Trade restrictiveness indexes and welfare: A structural approach
本文通过结构性估计全球贸易模型,将进口国市场势力和出口国异质性纳入贸易限制指数计算,发现传统方法高估关税效率损失五倍,并低估出口国福利损失。
Abstract Trade restrictiveness indexes (TRIs) have become a staple for practitioners and policy‐makers to summarize international trade barriers. TRIs theoretically found a measure of trade restrictiveness by calculating the uniform tariff that is welfare equivalent to the observed distribution of applied tariffs within a country. Here we incorporate importer market power and exporter heterogeneity into calculations of TRIs and welfare globally. To do so, we structurally estimate a quantitative model of international trade. The structure of the model allows tractable estimation of importer and exporter welfare and TRIs for every country in the world from 1990 to 2007. Canonical estimates, which ignore exporter heterogeneity and importer market power, are shown to overstate efficiency losses from tariffs by a factor of 5 for the average importer.

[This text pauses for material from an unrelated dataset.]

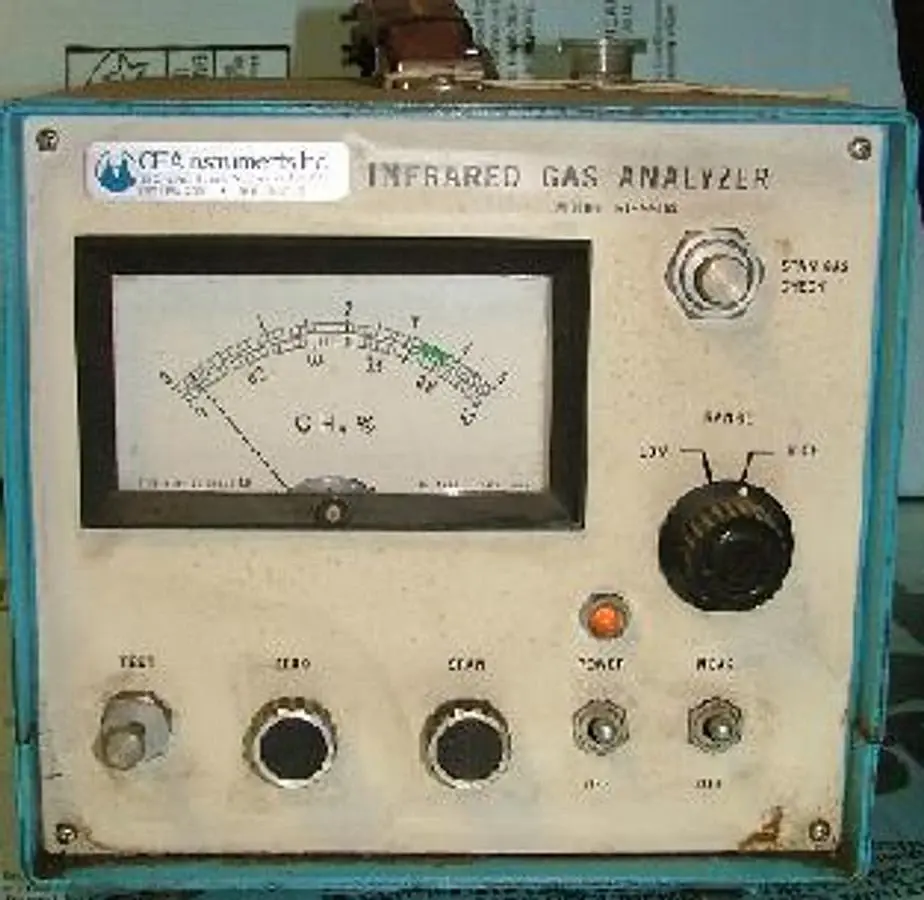 QTY. 1. CEA INSTRUMENTS INFRARED GAS ANALYZER MODE...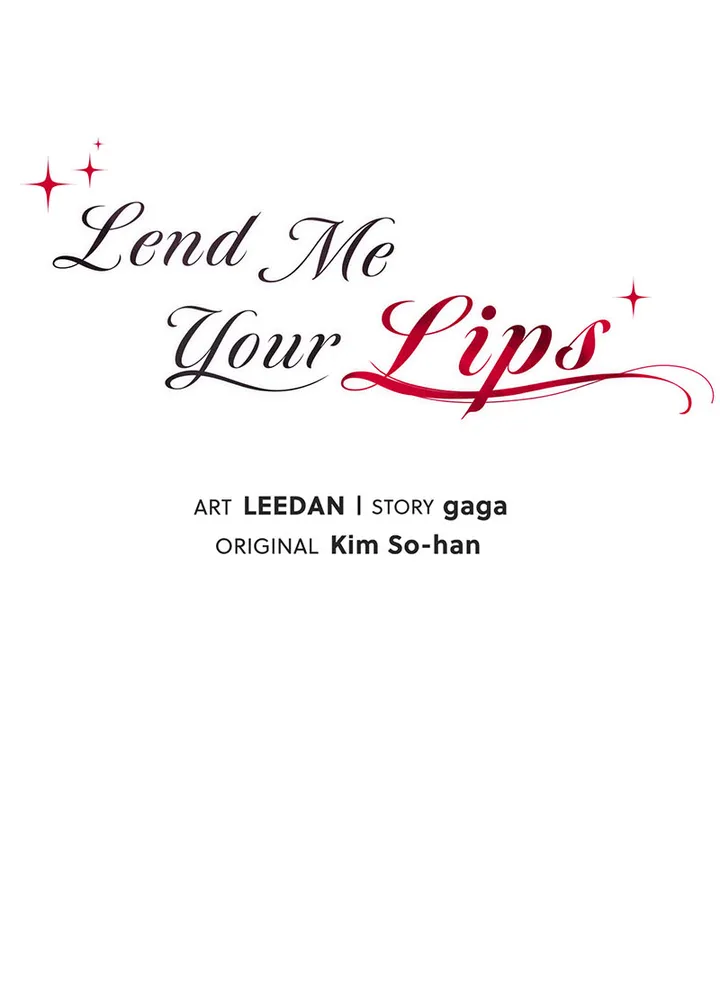 Lend Me Your Lips Chapter 16 - page 5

Additionally, by not accounting for importer market power canonical methods fail to measure substantial welfare losses to exporters that are captured by importers through tariffs. These channels are shown to significantly impact the measurement and interpretation of TRIs. To conclude, we employ the methodology to evaluate China's WTO accession and a counterfactual renegotiation of NAFTA.